Wednesday, October 27, 2010

New York, New York


This weekend I was in New York.  Unfortunately I wouldn't exactly call it a vacation because I couldn't escape from my work.  But such is life.  It was refreshing to have some truly crisp weather, and we walked the Brooklyn Bridge on the first evening right as the almost full moon was rising over the river behind the Manhattan Bridge.  It was so lovely.  (And advantageous because my homework for philosophy was to take a picture of the moon this weekend.)

And, as is tradition with my family, we gorged ourselves on delicious food.  The first night we had fabulous paella and sangria at a little Spanish restaurant that was very old world.  It was one of those places where the waiters were older and had clearly been working there for forever.  It was their occupation, their profession, not just their job.

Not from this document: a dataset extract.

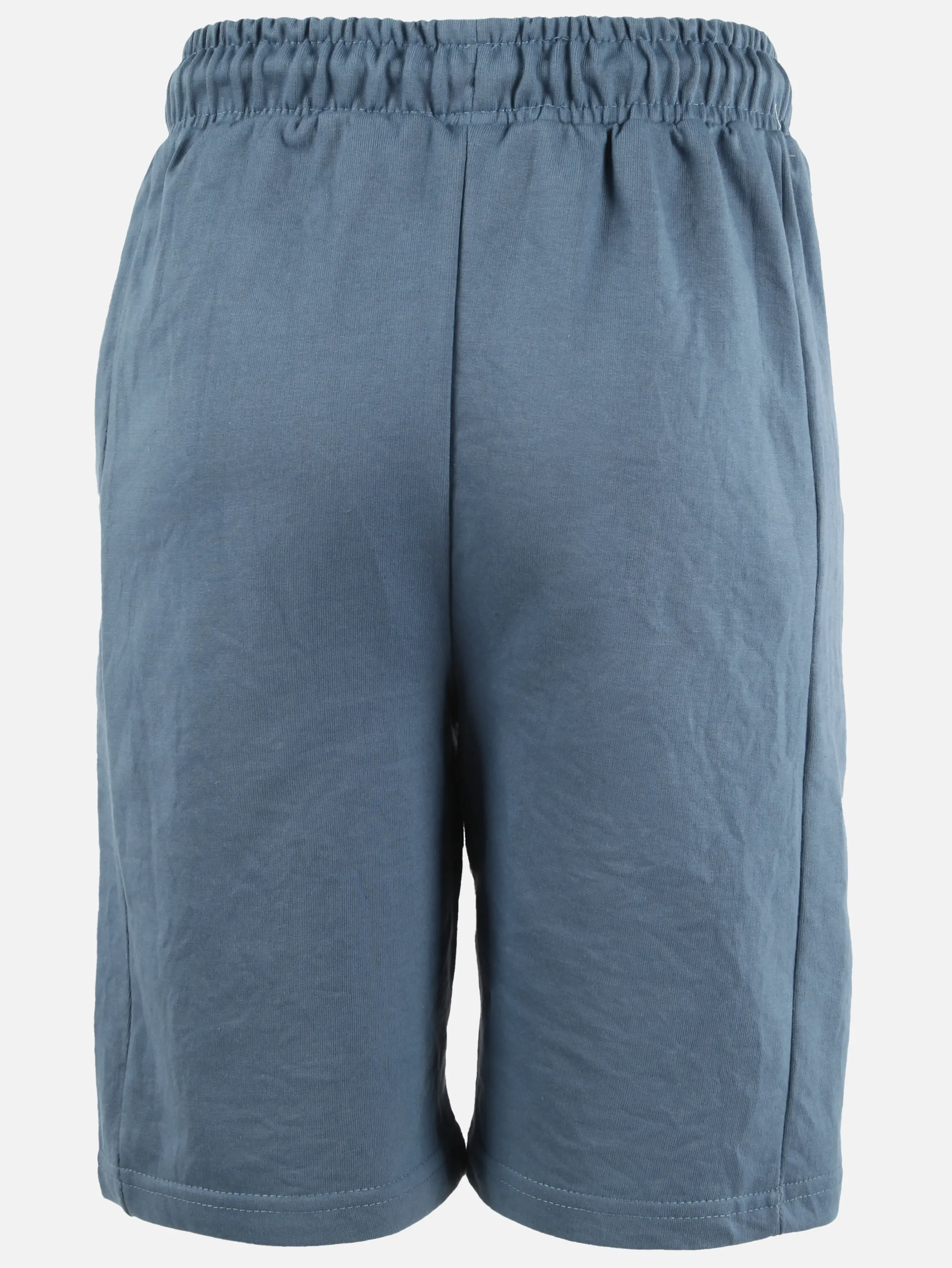 Stop + Go TB- Sweatshorts, French Terry Blau 890243 BLUE 2 Stop + Go TB- Sweatshorts, French Terry Blau 890243 BLUE 2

We also saw a great exhibit on Messerschmidt at the Neue Galerie (which just so happens to be located in a splendid former house of Mrs. Cornelius Vanderbilt).  It was incredible.  This sculptor made incredibly realistic heads of people contorting their faces into strange expressions.  They were more lifelike than any other sculpture I have ever seen, perhaps because the artist created them for himself, and so they were far more truthful and heartfelt than anything created for commission or to be sold.  To me they showed true humanity - man at the most extreme of any emotion that exposed the truth.  No masks to hide behind, no trying to look pretty, just someone mid-yawn or mid-laugh.  In any case, they were spectacular.